Plonger dans la mer aux mille récits
Plonger, bien sûr il le faut, et sans crainte, dans ces 600 pages recouvertes d’une couverture d’un noir qui est celui des profondeurs et sur lequel se détache, en guise de titre, une criste marine. Plonger sans se poser de questions sur ce qui va advenir tout au long de ce texte déroutant, digressif, baroque, mais qui ne nous perd jamais, à la manière des grands poèmes de mer (Les Luisiades, L’Odyssée…) parce qu’il est du tempérament de la mer d’étreindre, d’entraîner vers le large, puis repousser vers la rive, dans un mouvement de ressacs incessant. Il ne faut pas non plus craindre de ne pas tout comprendre car la Méditerranée est un creuset de langues, de cultures, de réalités et de rêves souvent contradictoires.
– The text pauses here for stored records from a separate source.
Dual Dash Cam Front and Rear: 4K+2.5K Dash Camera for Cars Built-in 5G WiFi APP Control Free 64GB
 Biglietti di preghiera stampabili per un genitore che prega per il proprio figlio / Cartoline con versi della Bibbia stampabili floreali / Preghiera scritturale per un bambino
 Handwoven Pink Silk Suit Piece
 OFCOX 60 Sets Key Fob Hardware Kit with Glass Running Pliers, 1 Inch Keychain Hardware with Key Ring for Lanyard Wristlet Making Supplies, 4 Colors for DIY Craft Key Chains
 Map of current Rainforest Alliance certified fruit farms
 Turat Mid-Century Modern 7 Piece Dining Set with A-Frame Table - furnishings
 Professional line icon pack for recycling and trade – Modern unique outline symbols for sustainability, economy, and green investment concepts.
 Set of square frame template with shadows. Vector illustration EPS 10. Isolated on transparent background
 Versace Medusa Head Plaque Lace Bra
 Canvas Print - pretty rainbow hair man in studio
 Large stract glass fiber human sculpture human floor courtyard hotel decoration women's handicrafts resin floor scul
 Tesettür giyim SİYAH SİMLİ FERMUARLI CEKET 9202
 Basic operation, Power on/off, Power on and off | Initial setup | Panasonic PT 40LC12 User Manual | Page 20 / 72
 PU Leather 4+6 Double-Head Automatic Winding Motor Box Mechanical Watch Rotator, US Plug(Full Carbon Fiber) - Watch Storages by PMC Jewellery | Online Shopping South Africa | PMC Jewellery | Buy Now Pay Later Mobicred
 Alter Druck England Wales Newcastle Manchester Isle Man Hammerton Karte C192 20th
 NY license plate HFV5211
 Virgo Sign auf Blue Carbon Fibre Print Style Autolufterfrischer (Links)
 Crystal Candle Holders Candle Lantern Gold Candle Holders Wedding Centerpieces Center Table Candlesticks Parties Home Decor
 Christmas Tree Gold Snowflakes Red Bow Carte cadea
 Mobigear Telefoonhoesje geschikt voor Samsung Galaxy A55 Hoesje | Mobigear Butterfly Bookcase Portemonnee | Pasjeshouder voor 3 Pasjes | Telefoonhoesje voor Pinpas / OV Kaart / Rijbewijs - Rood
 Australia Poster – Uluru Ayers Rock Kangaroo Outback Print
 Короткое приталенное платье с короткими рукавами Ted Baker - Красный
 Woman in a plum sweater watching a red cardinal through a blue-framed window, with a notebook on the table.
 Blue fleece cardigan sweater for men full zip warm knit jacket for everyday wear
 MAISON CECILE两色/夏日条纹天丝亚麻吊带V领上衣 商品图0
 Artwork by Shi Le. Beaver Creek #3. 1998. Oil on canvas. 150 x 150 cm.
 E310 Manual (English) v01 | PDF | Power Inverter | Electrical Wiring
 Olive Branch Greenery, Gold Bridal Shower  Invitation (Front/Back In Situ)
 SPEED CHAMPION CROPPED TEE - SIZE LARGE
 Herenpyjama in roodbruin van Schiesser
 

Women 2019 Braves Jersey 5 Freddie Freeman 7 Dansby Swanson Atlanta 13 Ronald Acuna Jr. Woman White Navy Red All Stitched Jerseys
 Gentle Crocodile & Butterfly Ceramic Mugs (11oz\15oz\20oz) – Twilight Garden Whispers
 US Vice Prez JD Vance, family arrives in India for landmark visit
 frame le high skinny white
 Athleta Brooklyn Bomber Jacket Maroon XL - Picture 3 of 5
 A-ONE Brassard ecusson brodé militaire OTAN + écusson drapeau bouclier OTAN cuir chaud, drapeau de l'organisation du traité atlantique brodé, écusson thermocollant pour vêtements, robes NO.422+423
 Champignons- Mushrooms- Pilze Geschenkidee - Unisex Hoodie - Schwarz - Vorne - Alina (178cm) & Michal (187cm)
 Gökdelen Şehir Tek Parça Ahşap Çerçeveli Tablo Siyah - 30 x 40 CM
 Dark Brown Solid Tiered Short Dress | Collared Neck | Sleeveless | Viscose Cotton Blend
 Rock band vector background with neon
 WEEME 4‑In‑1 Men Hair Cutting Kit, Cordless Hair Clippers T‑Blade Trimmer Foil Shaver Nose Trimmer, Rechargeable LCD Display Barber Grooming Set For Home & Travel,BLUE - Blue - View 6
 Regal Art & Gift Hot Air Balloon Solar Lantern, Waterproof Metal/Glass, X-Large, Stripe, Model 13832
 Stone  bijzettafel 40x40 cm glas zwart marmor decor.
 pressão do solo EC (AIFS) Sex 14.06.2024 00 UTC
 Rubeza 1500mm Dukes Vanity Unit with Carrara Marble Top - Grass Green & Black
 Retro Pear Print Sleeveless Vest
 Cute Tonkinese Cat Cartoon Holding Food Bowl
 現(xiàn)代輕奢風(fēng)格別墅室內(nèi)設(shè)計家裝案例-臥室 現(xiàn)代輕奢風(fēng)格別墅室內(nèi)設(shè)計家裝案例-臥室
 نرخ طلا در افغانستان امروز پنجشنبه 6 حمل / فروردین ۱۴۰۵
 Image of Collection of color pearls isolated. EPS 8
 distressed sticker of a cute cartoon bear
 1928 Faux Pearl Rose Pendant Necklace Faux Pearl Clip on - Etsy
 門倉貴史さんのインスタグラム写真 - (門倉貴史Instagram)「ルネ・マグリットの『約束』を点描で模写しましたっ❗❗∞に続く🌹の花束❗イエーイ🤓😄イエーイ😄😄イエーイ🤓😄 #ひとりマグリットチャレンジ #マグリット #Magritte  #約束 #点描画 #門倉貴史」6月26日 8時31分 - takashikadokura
Benoît Vincent à propos de Drieu, son double littéraire : « Il écrit mais il n’a rien à dire de particulier ou d’original. Il voudrait juste dessiner la mer, avec des mots, et se baigner dedans. » Le propos pourrait résumer le projet du livre s’il n’était trop modeste : on se baigne avec ivresse dans une langue protéiforme et dans un foisonnement de contes, de silhouettes et de références multiples – mais comment faire autrement quand il s’agit de « dire » un espace déjà tant raconté ? « Vous voyez, les sujets ne manquent pas », glisse l’un de personnages à Drieu, « ne manque que le désir de se les approprier, toutes ces histoires, pour les faire nôtres et éventuellement en proposer notre version. Par nos récits, c’est nous qui donnons le sens à l’univers. » Lecteur, la meilleure façon de ne pas te noyer est donc de te laisser « envahir d’histoires » et saisir par les images (l’orgie, l’invasion des anchois et l’apparition de l’orque…) et les paysages.
Mais pourquoi ce titre : Féroce ? car, à l’instar des bêtes sauvages, ce livre invite à se frayer son propre chemin en dehors des sentiers déjà battus par les conteurs, les historiens et les experts en géopolitique. Tâche quasi impossible quand on sait que « la Méditerranée représente la plus grande concentration de savoir, de pouvoir, de poésie et de violence, de guerres et de civilisations, en un mot de patrimoine, que le monde ait connu, et connaîtra encore jusqu’à son total effondrement. » Pourtant, au bout d’un labeur de longue haleine (plus dix ans) que laissaient déjà entrevoir les très beaux Farigoule Bastard (Le Nouvel Attila) et L’Entreterre (Les Inaperçus), Benoît Vincent relève brillamment le défi par ce « roman merterranéen » aussi audacieux dans la forme que captivant à la façon d’une épopée très ancienne.